Melalui dasar hukum ini setiap warga provinsi DIY dapat mendapatkan akses jaminan kesehatan yang dibiayai oleh negara. Penerima manfaat dalam peraturan ini mencakup setiap warga yang belum mendapatkan jaminan kesehatan apapun, disabilitas miskin/tidak mampu dan juga pemerlu pelayanan kesejahteraan sosial (PPKS) meliputi anak jalanan, gelandangan , korban kekerasan perempuan dan anak, korban trafficking, anak berhadapan dengan hukum dan juga orang dengan HIV.
“Lalu bagaimana bagaimana orang yang membutuhkan jamianan kesehatan ini dapat megaksesnya?” Dari kelompok penerima manfaat yang yang tercantum dalam kriteria diatas dapat menghubungi lembaga/organisasi negara sebagai pengampu pemberi rekomendasi. Untuk warga DIY tidak mampu/belum memiliki jaminan kesehatan apapun , gelandangan dan anak jalanan dapat mengakses rekomendasi dari Dinas Sosial setempat, kemudian untuk perempuan dan akan korban kekerasan dapat mengakses rekomendasi melalui Forum Perlindungan Korban Kekerasan (FPKK) sedangkan orang dengan HIV dapat mengakses Komisi Penanggulangan AIDS (KPA) DIY untuk mendapatkan rekomendasi.

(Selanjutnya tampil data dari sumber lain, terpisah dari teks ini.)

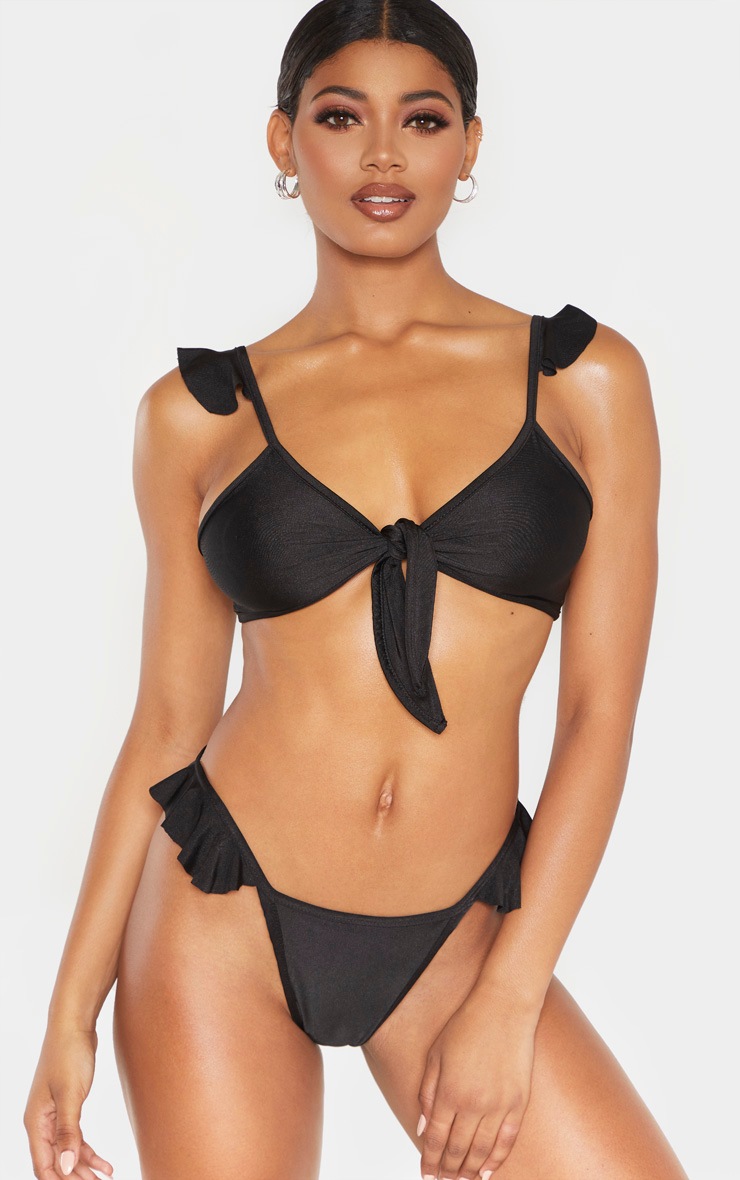 Tall Black Frill Detail Tie Bikini Top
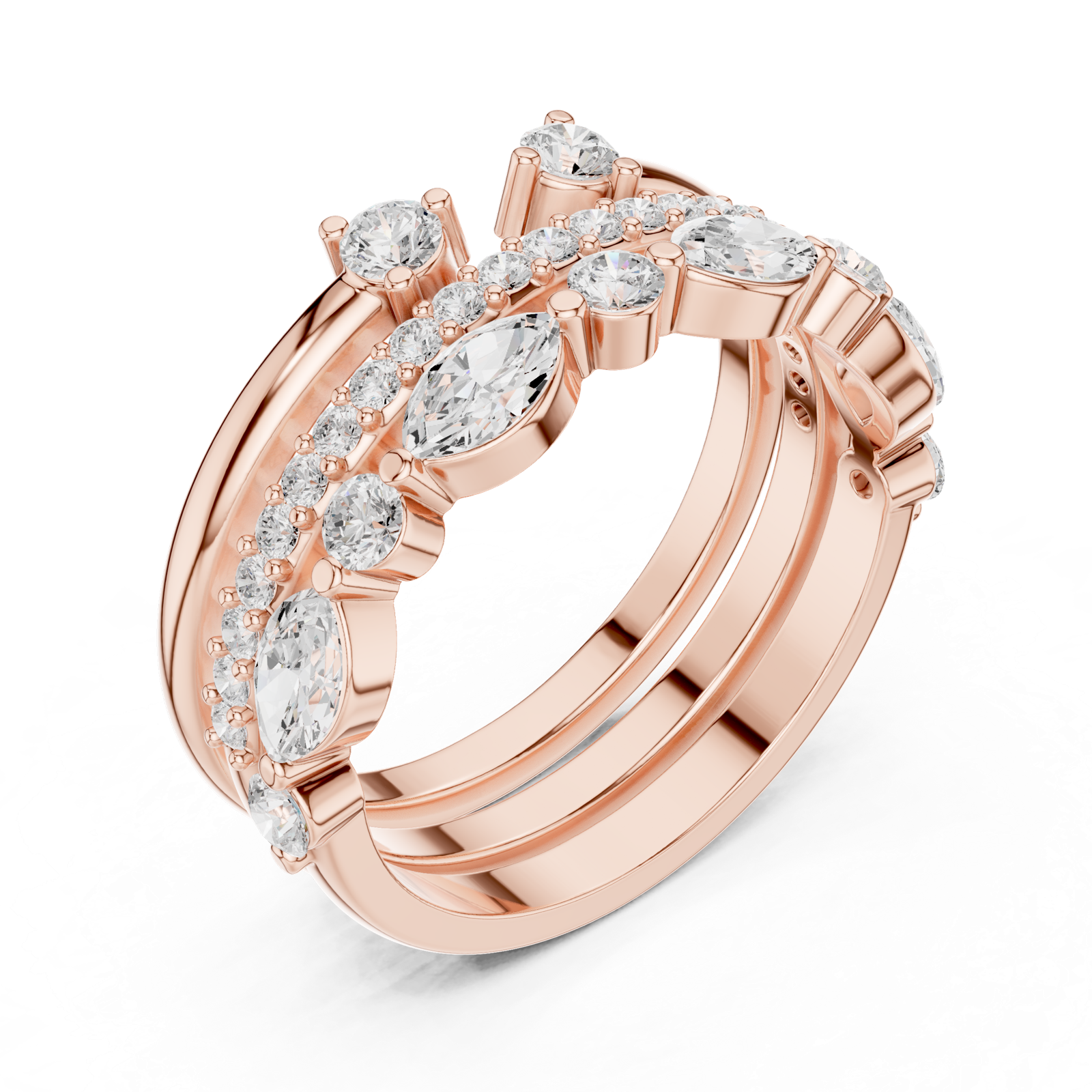 Gold Ring DDLR-383, Rose Gold, view 2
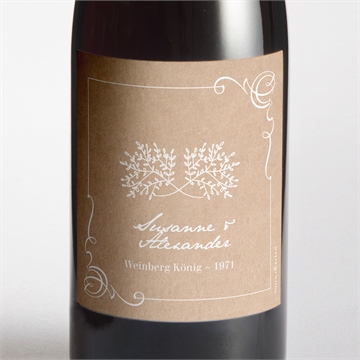 Flaschenetikett Hochzeit kraft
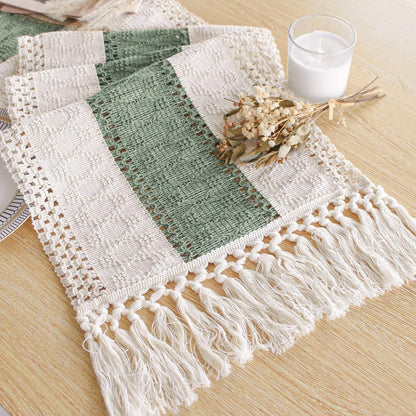 FEXIA Boho Table Runner for Thanksgiving Fall Christmas Home Decor with Tassels 72 Inches Long Pottery barn Furniture Farmhouse Rustic Macrame Burlap Table Decoration for Living Room (12x72 Inches)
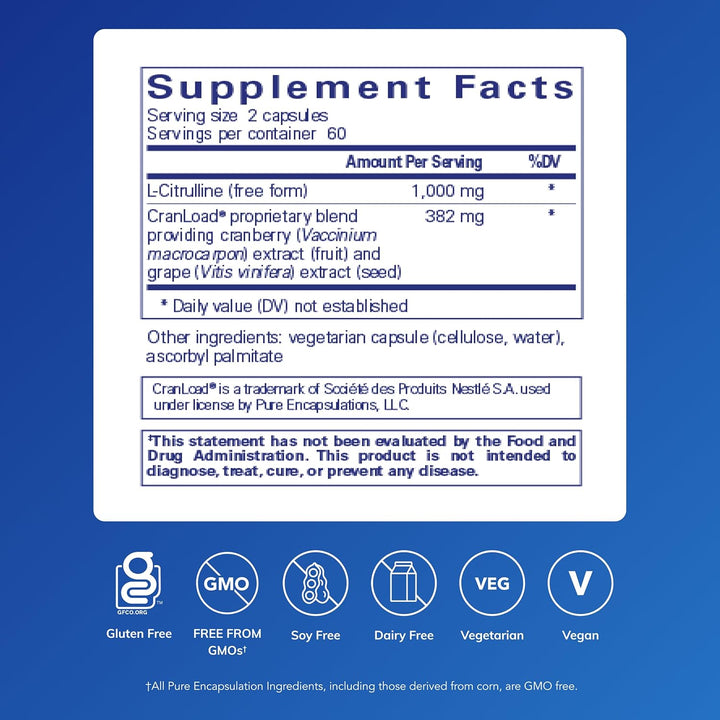 Pure Encapsulations Nitric Oxide Ultra Supports Healthy Blood Flow 120 Capsules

Senada dengan apa yang sudah dilakukan oleh pemerintah provinsi Daerah Istimewa Yogyakarta, hal serupa juga dilakukan oleh pemerintah kota Yogyakarta dengan terbitnya Peraturan Walikota Yogyakarta Nomor 27 Tahun 2020 tentang Perubahan atas Peraturan Walikota Yogyakarta Nomor 69 Tahun 2018 Tentang Penyelenggaraan Jaminan Kesehatan Daerah. Kabupaten Bantul juga menyusul Kota Yogyakarta dengan menerbitkan Peraturan Daerah Kabupaten Bantul Nomor 4 Tahun 2020 tentang Pendampingan Pembiayaan Kesehatan. Dengan semakin banyaknya daerah yang menadaptasi peraturan serupa tentunya diharapkan derajat kesehatan masyarakat menjadi lebih baik, layanan kesehatan yang nyaman dan ramah yang bisa diakses oleh semua kalangan masyarakat.